The study, which looked at 31 transactions of buildings with at least 10 percent of square footage devoted to flex space within the past five years, found nearly 40 percent of buildings sold achieved values greater than average for their market. Another 52 percent of those deals had values about the same as their market averages.
“Our analysis found that in some cases the presence of flexible-space tenants—and the building improvements they initiate—may benefit overall property values, causing some lower-classified buildings with flexible space to perform as if they were Class A assets,” Julie Whelan, Americas head of occupier research at CBRE, said in a prepared statement. “By investing in build-outs and progressive real estate structures, such as partnerships with flexible space providers, landlords can differentiate their properties and, under the right circumstances, boost their value beyond that of their peers.”
When comparing the sales on a per square foot basis, the study found 43 percent of flex transactions had a higher price, 33 percent were on par with their peers and 23 percent had a lower price per square foot.
Comparing cap rates
CBRE found most flex transactions had cap rates lower than the national and market averages, most likely because flex operators tend to choose active investment markets and high-quality buildings for their locations. But there were differences based on the amount of flexible workspace in the building as well as the class of the building. In transactions of office properties that had less than 40 percent flexible space, 67 percent produced cap rates on par with non-flex peer transactions, the CBRE study determined. The analysts found when flexible space comprised more than 40 percent of the building, 64 percent produced cap rates less favorable than peer transactions.

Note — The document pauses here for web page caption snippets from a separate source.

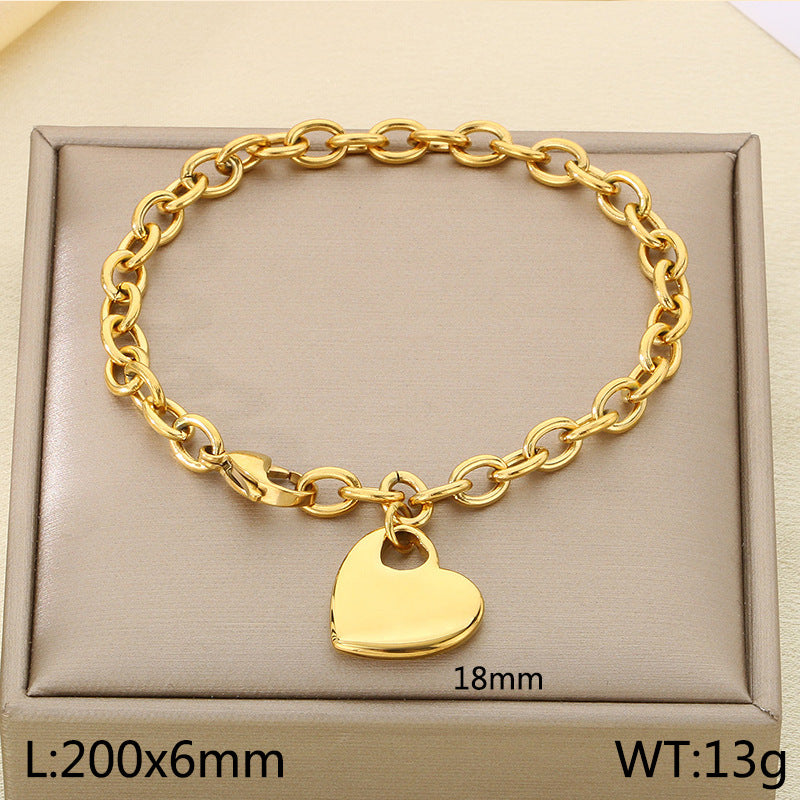 Cross-border new ins stainless steel jewelry personalized versatile glossy love titanium steel bracelet love pendant jewelry women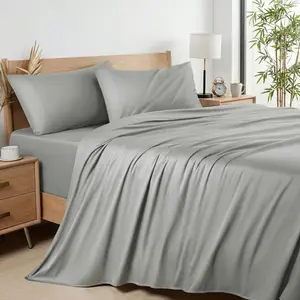 【Springtok】Bamboo-Derived Sheet Set – 3/4-Piece, Cooling & Breathable, Hotel-Style Ultra-Soft, 16" Deep Pocket, Wrinkle-Resistant & Fade-Resistant bed accessories natural fabric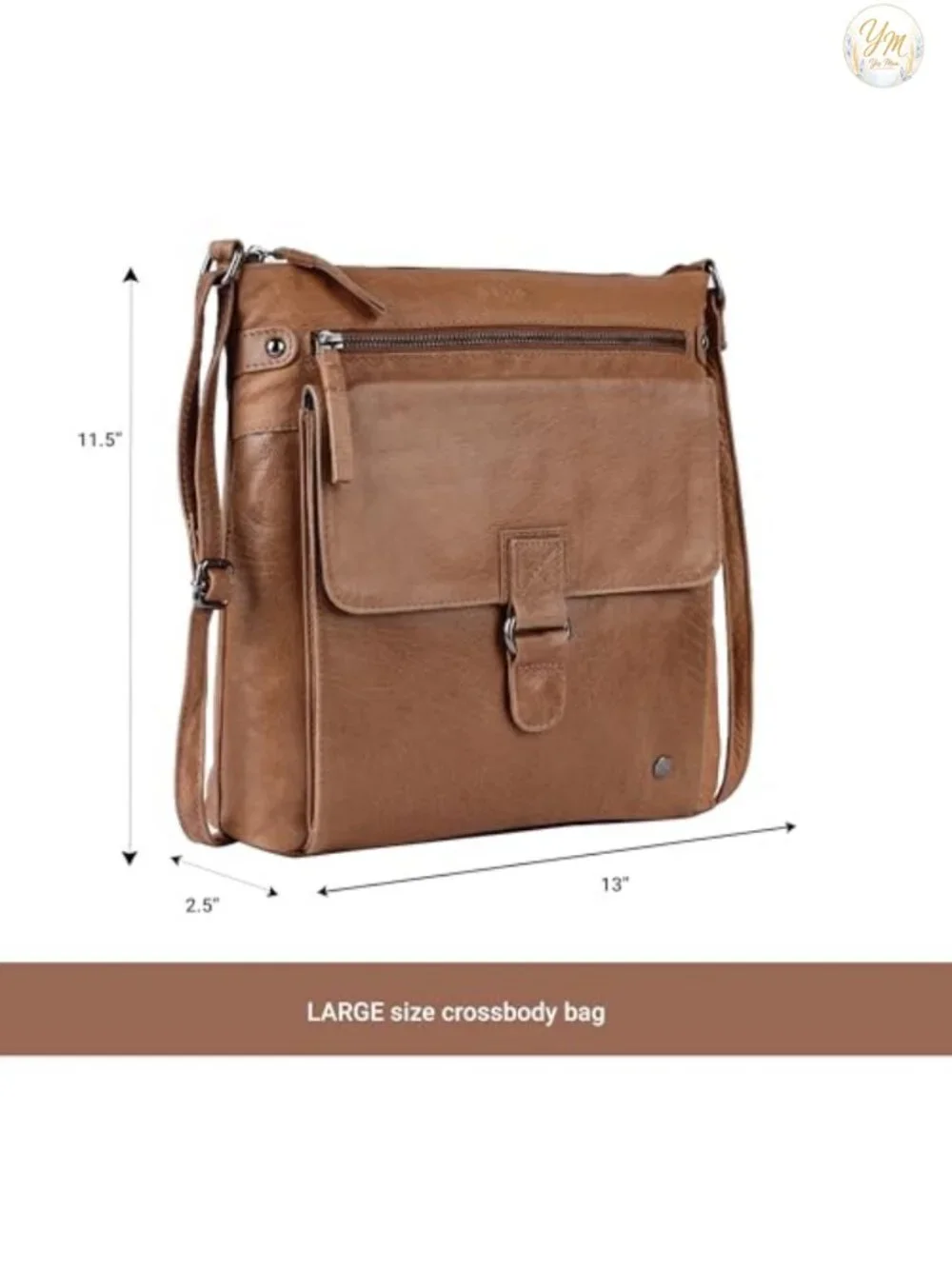 Genuine Leather Large Crossbody Sling Triple Zip Shoulder Purse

One factor may be that buildings with high flexible space concentrations may locate more frequently in Class B assets. The study found most Class B flex transactions—57 percent—had higher cap rates than their peers. But it also noted 21 percent had lower cap rates, suggesting that some investors aren’t scared off by the risk of coworking operators.
By comparison, most Class A flex transactions—77 percent—had cap rates that were generally equal to their peers. However, none outperformed their peers on cap rates.

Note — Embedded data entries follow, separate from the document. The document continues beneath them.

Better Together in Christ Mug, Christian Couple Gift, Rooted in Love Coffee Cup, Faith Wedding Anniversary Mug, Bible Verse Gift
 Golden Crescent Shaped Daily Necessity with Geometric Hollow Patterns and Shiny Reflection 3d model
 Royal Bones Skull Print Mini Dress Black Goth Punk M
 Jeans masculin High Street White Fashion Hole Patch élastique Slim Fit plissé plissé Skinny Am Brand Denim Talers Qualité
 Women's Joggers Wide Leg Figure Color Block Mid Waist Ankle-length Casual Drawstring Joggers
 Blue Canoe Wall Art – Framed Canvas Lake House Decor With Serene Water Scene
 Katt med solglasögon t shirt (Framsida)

“Flex transactions that have performed well are primarily in markets in the West that have real estate activity driven by the tech sector,” Whelan told Commercial Property Executive. “Properties across the country in markets with strong employment gains, low vacancy and positive net absorption can benefit from the tenancy of flexible space operators.”
Manhattan had the most flexible space by square footage among the top markets tracked by the CBRE study. It had 12.5 million square feet of flex space representing 31 percent of the office inventory and 39 percent year over year growth. Boston had 3 million square feet of flex space representing 1.4 percent of the office inventory and 28 percent year over year growth. On the West Coast, Seattle had 2 million square feet of flex space representing 1.9 percent of the office inventory with 59.7 percent year over year growth. In San Francisco, there was 2.4 million square feet of flex space representing 2 percent of the office inventory and 46.3 percent year over year growth. In the Midwest, Chicago had 3.2 million square feet of flex space representing 1.4 percent of the office inventory and 22.9 percent year over year growth.

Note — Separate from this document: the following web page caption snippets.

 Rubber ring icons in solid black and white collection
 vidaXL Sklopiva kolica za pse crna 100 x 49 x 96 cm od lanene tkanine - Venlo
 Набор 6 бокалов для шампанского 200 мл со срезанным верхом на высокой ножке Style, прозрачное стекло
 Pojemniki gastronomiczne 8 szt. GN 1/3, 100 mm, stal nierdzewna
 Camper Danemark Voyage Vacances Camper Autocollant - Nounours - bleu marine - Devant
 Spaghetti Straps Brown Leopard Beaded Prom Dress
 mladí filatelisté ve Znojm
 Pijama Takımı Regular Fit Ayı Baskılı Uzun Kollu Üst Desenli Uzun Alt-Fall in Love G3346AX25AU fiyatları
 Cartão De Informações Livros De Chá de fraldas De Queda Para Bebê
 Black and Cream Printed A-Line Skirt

CBRE notes this was a small sampling but it does offer some insights to investors who may have been concerned about the risks of buying a building with flexible workspaces. Coworking is the dominant type of flexible space solution today and accounts for more than 25 million square feet of space in the country’s 30 largest office markets. Flex space is expected to continue to expand to about 10 percent of Class A office space nationally by 2028.
“Despite our expectation that the flexible space segment will continue to mature and expand in the coming years, real estate fundamentals will remain the most important consideration for investment, regardless of the presence of flexible space,” Whelan said.